Sunday, March 22, 2009

Disillusionment and Christian Community

All of us have been disillusioned with Christian community. All of us have had dreams of what the church ought to be, and all of us have had those dreams shattered by the harsh realities of life together. Dietrich Bonhoeffer knew about disillusionment. After all, he lived during the "German-Christian compromise," a time when most of his brothers and sisters in Christ swore allegiance to Hitler. What is striking about Bonhoeffer, however, is that he did not wallow in his disillusionment. In point of fact, he warned his seminary students of the dangers of developing "wish dreams" for Christian community. "Wish dreams" are the source of disillusionment itself and a detriment to true community. "Every human wish dream that is injected into the Christian community is a hindrance to genuine community and must be banished if genuine community is to survive. He who loves his dream of community more than the Christian community itself becomes a destroyer of the latter..." (Bonhoeffer, Life Together, 27).

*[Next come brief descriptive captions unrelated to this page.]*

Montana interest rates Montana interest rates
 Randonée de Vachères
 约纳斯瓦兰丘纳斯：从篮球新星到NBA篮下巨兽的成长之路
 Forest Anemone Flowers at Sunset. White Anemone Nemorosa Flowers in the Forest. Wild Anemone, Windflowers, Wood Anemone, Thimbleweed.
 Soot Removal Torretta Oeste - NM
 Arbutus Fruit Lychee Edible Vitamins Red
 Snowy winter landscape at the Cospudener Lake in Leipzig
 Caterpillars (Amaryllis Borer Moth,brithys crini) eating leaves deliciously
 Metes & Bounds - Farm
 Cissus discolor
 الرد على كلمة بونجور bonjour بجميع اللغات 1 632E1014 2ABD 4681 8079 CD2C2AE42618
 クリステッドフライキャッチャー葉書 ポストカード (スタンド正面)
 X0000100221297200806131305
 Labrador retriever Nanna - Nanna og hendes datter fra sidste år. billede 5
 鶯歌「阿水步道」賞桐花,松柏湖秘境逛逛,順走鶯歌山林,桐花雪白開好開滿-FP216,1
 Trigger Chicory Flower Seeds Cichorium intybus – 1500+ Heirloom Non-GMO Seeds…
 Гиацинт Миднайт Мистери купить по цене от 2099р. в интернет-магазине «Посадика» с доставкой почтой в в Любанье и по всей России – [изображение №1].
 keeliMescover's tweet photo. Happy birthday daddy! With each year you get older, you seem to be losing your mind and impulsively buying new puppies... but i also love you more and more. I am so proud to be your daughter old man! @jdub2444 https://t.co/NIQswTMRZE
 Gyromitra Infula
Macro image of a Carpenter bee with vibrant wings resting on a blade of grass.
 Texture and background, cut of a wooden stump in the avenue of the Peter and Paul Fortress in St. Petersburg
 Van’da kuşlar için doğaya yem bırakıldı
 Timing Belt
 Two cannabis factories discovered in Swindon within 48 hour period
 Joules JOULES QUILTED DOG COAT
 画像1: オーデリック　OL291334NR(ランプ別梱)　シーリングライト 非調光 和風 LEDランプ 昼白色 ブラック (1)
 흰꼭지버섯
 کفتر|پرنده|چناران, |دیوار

For Bonhoeffer, disillusionment occurs when we come to Christian community as demanders--better yet, as consumers--and not as "thankful recipients." I will leave you with his challenging words on Christian community and disillusionment.

"Because God has bound us together in one body with other Christians in Jesus Christ, long before we entered into common life with them, we enter into that common life not as demanders but as thankful recipients. We thank God for what he has done for us. We thank God for giving us brethren who live by His call, by His forgiveness, and His promise. We do not complain of what God does not give us; we rather thank God for what He does give us daily. And is not what he has given us enough: brothers, who will go on living with us through sin and need under the blessing of His grace? Is the divine gift of Christian fellowship anything less than this, any day, even the most difficult and distressing day? Even when sin and misunderstanding burden the communal life, is not the sinning brother still a brother, with whom I, too, stand under the Word of Christ? Will not his sin be a constant occasion for me to give thanks that both of us may live in the forgiving love of God in Jesus Christ? Thus the very hour of disillusionment with my brother becomes incomparably salutary, because it so thoroughly teaches me that neither of us can ever live by our own words and deeds, but only by that one Word and Deed which really binds us together--the forgiveness of sins in Jesus Christ. When the morning mists of dreams vanish, then dawns the bright day of Christian fellowship" (Bonhoeffer, Life Together, 28-29).